* _Exercise description_: Leaving out the images, please output every entry exactly as it appears.

* _Source information_:
BEGIN

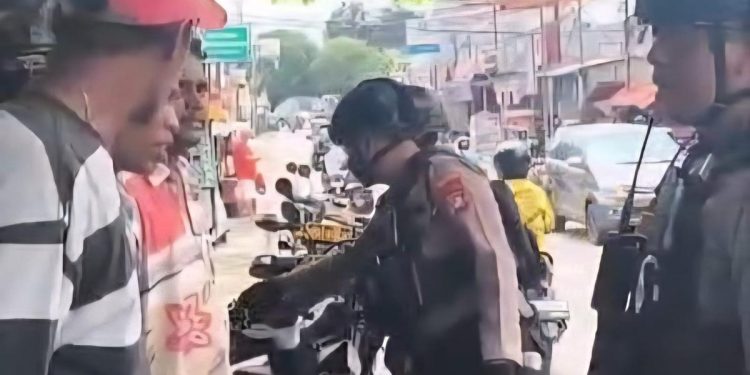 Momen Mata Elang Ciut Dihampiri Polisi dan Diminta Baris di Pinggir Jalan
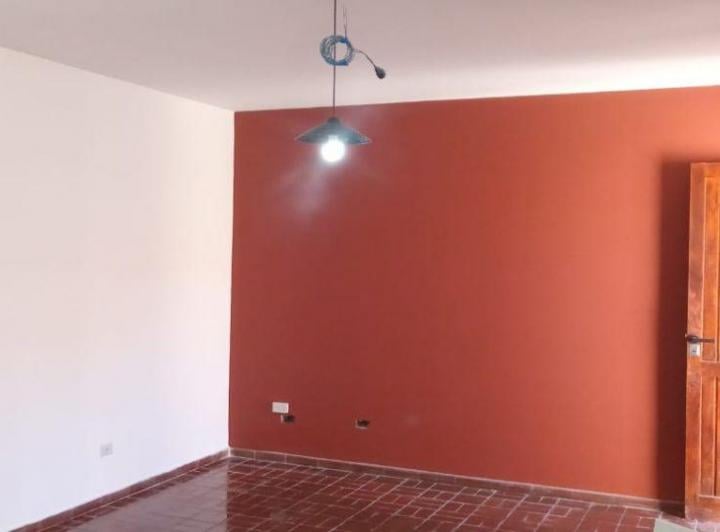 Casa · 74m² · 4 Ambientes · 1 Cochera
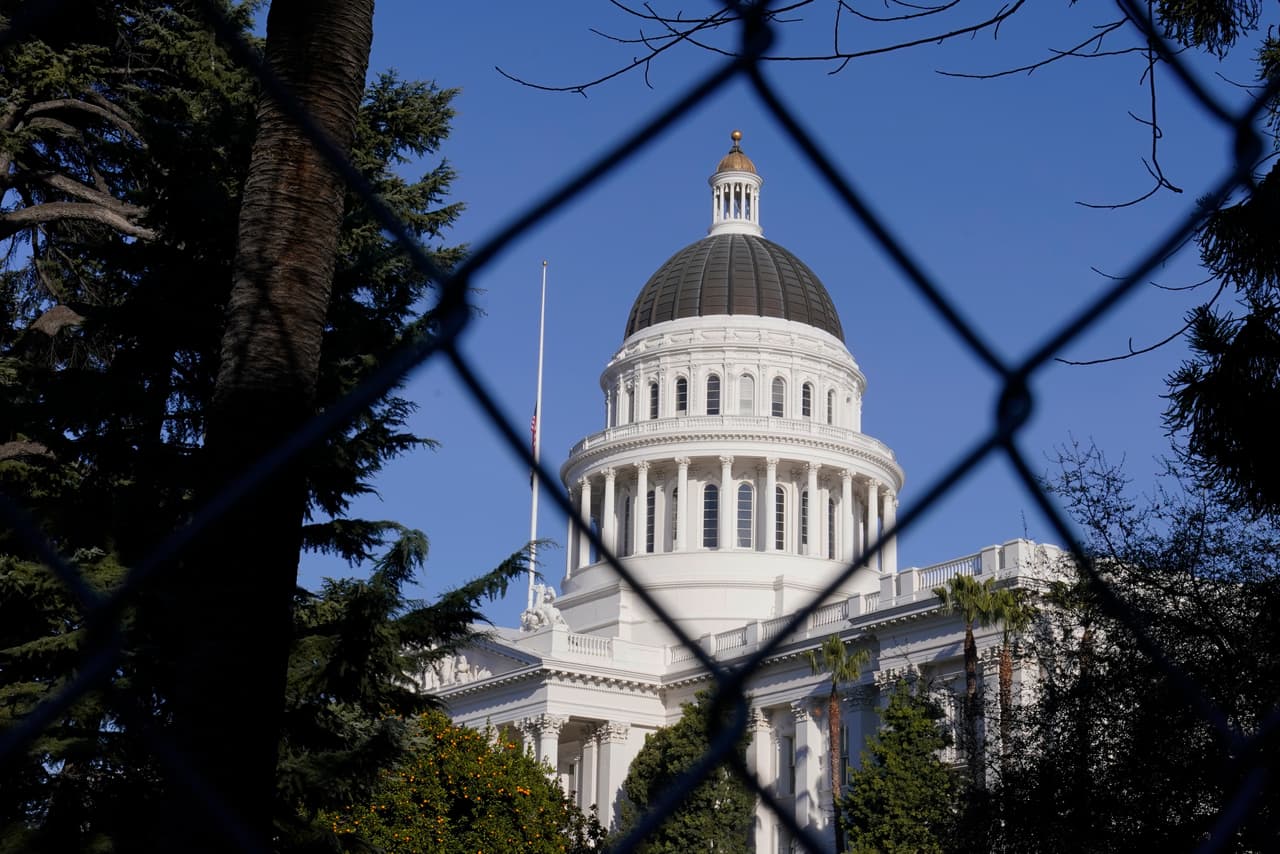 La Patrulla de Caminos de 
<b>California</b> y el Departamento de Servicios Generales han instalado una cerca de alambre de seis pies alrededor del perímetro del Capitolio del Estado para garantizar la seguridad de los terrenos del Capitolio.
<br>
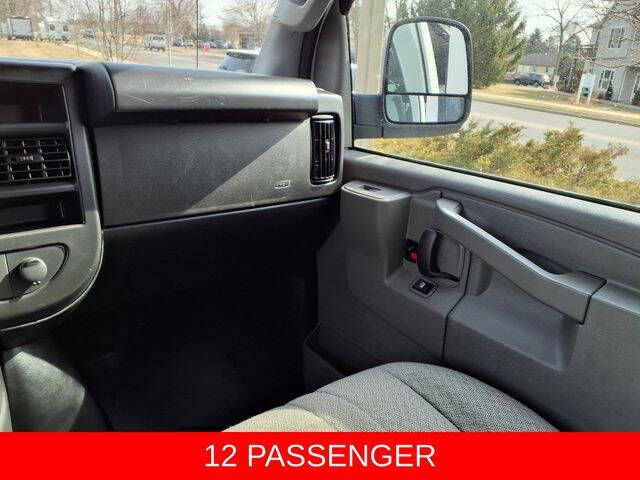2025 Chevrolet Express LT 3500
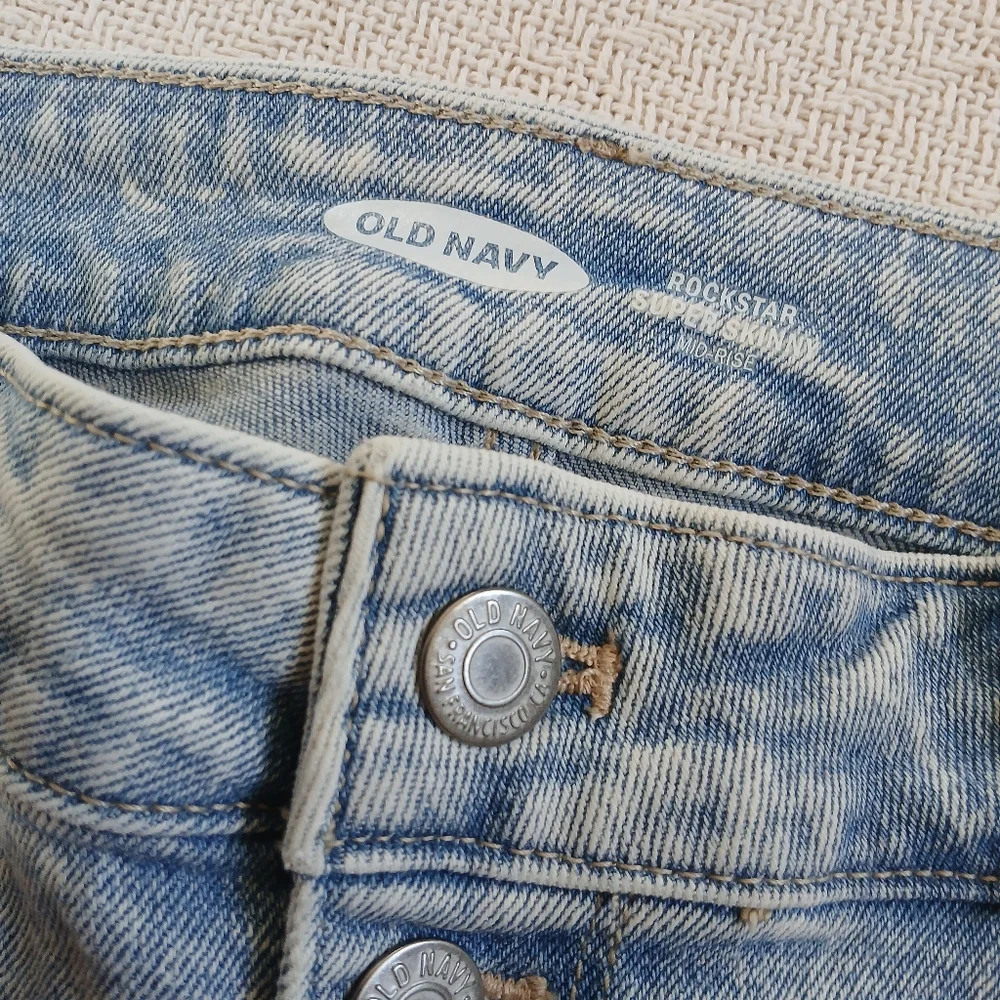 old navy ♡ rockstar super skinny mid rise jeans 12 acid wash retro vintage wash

END

* _Response_:
 Momen Mata Elang Ciut Dihampiri Polisi dan Diminta Baris di Pinggir Jalan
 Casa · 74m² · 4 Ambientes · 1 Cochera
 La Patrulla de Caminos de 
<b>California</b> y el Departamento de Servicios Generales han instalado una cerca de alambre de seis pies alrededor del perímetro del Capitolio del Estado para garantizar la seguridad de los terrenos del Capitolio.
<br>
2025 Chevrolet Express LT 3500
 old navy ♡ rockstar super skinny mid rise jeans 12 acid wash retro vintage wash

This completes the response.